Three operations define the interface:

clone() or unshare() with one or more CLONE_NEW* flags, creates a new namespace for the calling process.
setns(), move an existing process into an existing namespace.
Bind-mounting /proc/[pid]/ns/<kind>, pin a namespace so it outlives its last process (the core trick ip netns add uses).

Every process belongs to one namespace per kind. Linux has seven kinds:

Namespace	`CLONE_NEW*` flag	What it isolates
`mnt`	`CLONE_NEWNS`	The mount table, what is mounted where
`pid`	`CLONE_NEWPID`	The PID number space, who is PID 1
`net`	`CLONE_NEWNET`	Network interfaces, routing tables, firewall rules, sockets
`ipc`	`CLONE_NEWIPC`	System V IPC, POSIX message queues
`uts`	`CLONE_NEWUTS`	Hostname and NIS domain name
`user`	`CLONE_NEWUSER`	User and group IDs, capabilities
`cgroup`	`CLONE_NEWCGROUP`	The view into `/sys/fs/cgroup`
`time` (newer)	`CLONE_NEWTIME`	The monotonic and boot clocks (available but rarely used)

KEY CONCEPT

A container is a process (and its children) that belongs to a set of namespaces different from the host's. That is the entire definition. Everything else a container runtime does, pulling images, setting up overlay mounts, configuring networking, applying seccomp filters, is plumbing around the core idea: clone a process with new namespaces, then make sure the inside looks the way you want.

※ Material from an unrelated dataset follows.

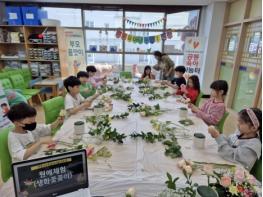 안동시 3월 출생아 수 ‘껑충’… ‘아이 키우기 좋은 도시’ 체감형 정책 빛났다 기사 이미지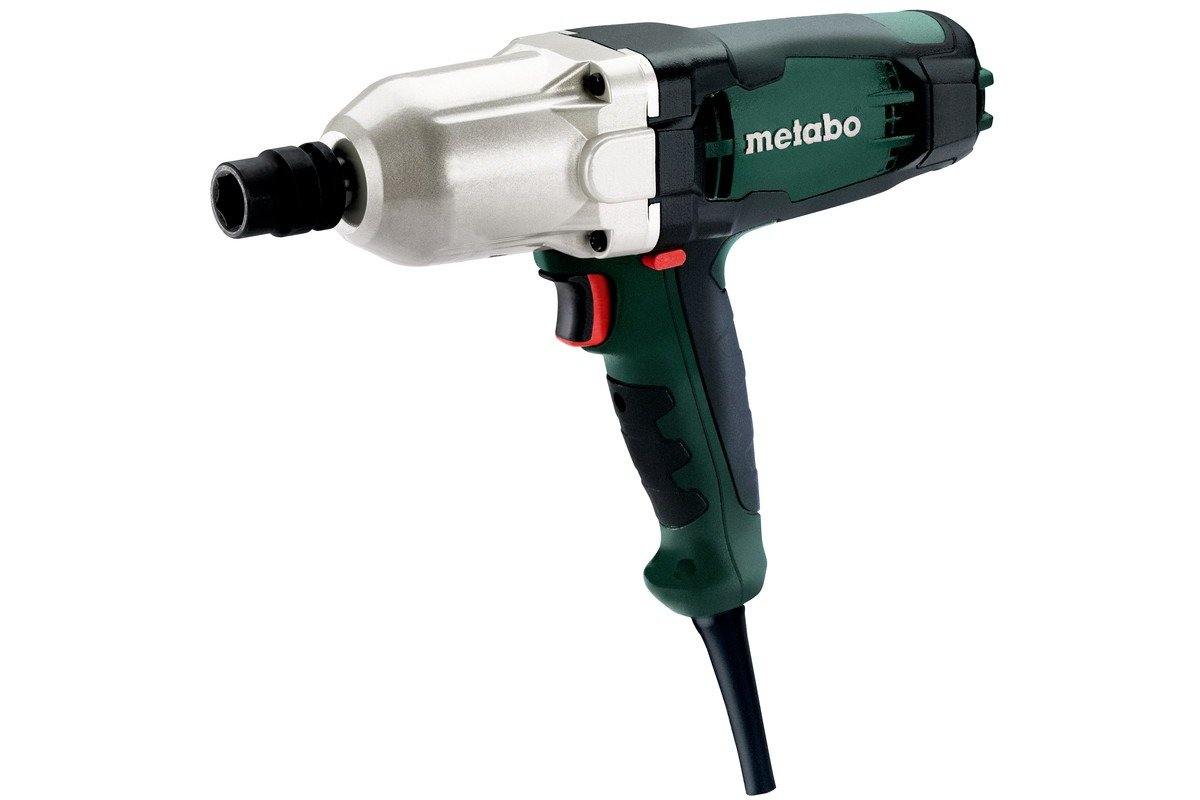 Metabo  SSW 650 Impact Driver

Seeing Namespaces on a Live System

Every process has a /proc/[pid]/ns/ directory with a symlink per namespace kind. The symlink's target contains a unique inode, two processes with the same inode are in the same namespace.

# Your shell's namespaces
ls -l /proc/$$/ns
# lrwxrwxrwx 1 admin admin 0 Apr 19 10:00 cgroup -> 'cgroup:[4026531835]'
# lrwxrwxrwx 1 admin admin 0 Apr 19 10:00 ipc    -> 'ipc:[4026531839]'
# lrwxrwxrwx 1 admin admin 0 Apr 19 10:00 mnt    -> 'mnt:[4026531840]'
# lrwxrwxrwx 1 admin admin 0 Apr 19 10:00 net    -> 'net:[4026531992]'
# lrwxrwxrwx 1 admin admin 0 Apr 19 10:00 pid    -> 'pid:[4026531836]'
# lrwxrwxrwx 1 admin admin 0 Apr 19 10:00 time   -> 'time:[4026531834]'
# lrwxrwxrwx 1 admin admin 0 Apr 19 10:00 user   -> 'user:[4026531837]'
# lrwxrwxrwx 1 admin admin 0 Apr 19 10:00 uts    -> 'uts:[4026531838]'

# Compare with a containerized process — find a container PID on the host
pgrep -f nginx | head -1                   # pick any running container process
ls -l /proc/$PID/ns
# Some inodes differ — those are the namespaces the container runtime created

# Group processes by what namespace they live in
lsns                         # list every namespace on the system
# NS         TYPE   NPROCS  PID USER   COMMAND
# 4026531836 pid        245    1 root   /lib/systemd/systemd
# 4026532420 pid          8 12345 65535 nginx: master
# 4026532421 net          8 12345 65535 nginx: master
# 4026532422 mnt          8 12345 65535 nginx: master
# ...

# Just one kind of namespace
lsns --type net

If two processes have the same inode for net:, they share a network namespace (same interfaces, same routing table). The host and a container almost always differ on mnt, pid, net, and uts; they may share ipc and user depending on the runtime.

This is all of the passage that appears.